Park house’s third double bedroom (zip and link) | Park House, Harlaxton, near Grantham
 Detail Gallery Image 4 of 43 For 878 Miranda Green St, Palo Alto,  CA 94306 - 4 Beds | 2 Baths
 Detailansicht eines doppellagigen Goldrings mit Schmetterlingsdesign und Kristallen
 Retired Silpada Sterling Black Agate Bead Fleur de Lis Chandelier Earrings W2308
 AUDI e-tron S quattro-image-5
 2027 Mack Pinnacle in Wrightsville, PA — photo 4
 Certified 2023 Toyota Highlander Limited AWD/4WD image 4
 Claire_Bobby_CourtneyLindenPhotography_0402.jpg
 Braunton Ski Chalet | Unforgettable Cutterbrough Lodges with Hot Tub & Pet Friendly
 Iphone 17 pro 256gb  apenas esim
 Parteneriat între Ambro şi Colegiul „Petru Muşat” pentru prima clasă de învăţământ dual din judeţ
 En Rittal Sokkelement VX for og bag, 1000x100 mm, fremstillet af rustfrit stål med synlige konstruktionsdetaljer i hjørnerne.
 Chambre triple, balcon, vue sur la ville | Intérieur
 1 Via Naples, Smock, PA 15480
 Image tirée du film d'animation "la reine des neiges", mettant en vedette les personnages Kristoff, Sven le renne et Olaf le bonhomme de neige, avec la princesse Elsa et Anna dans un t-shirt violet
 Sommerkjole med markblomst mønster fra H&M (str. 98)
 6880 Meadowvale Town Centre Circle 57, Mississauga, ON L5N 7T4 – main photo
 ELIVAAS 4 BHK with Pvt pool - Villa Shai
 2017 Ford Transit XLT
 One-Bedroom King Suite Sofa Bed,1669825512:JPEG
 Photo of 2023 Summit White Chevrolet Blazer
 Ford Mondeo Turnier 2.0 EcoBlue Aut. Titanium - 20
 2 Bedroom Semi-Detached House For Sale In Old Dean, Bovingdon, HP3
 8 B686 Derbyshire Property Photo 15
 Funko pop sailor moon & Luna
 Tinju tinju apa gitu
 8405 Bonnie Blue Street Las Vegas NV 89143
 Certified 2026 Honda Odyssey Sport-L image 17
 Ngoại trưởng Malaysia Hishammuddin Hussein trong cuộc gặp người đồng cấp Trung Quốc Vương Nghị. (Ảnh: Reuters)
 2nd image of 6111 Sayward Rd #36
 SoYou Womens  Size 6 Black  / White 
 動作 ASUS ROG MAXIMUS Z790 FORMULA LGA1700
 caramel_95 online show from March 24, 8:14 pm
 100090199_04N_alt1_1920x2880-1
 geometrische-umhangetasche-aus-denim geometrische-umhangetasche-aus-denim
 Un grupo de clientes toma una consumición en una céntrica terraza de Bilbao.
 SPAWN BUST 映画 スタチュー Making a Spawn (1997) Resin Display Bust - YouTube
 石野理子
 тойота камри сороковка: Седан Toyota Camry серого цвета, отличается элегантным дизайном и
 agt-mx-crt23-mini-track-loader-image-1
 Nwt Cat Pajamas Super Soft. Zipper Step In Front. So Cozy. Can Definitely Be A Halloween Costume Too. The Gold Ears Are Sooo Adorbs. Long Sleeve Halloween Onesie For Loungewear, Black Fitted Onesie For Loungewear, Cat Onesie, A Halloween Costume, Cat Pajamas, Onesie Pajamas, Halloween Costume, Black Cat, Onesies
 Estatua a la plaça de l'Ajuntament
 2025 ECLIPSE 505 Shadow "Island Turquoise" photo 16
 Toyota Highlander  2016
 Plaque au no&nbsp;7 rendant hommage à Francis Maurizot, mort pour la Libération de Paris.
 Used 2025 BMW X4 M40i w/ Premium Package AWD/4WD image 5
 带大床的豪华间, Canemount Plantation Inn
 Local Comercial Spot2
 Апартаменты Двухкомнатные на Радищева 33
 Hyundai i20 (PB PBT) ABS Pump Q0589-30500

═══

**TASK BRIEF:**
Beginning at the opening line of the data, transcribe each line exactly until you reach the line with "Iphone 17 pro", which you also include, and go no further.

**REPLY TO THE EXERCISE:**
Park house’s third double bedroom (zip and link) | Park House, Harlaxton, near Grantham
 Detail Gallery Image 4 of 43 For 878 Miranda Green St, Palo Alto,  CA 94306 - 4 Beds | 2 Baths
 Detailansicht eines doppellagigen Goldrings mit Schmetterlingsdesign und Kristallen
 Retired Silpada Sterling Black Agate Bead Fleur de Lis Chandelier Earrings W2308
 AUDI e-tron S quattro-image-5
 2027 Mack Pinnacle in Wrightsville, PA — photo 4
 Certified 2023 Toyota Highlander Limited AWD/4WD image 4
 Claire_Bobby_CourtneyLindenPhotography_0402.jpg
 Braunton Ski Chalet | Unforgettable Cutterbrough Lodges with Hot Tub & Pet Friendly
 Iphone 17 pro 256gb  apenas esim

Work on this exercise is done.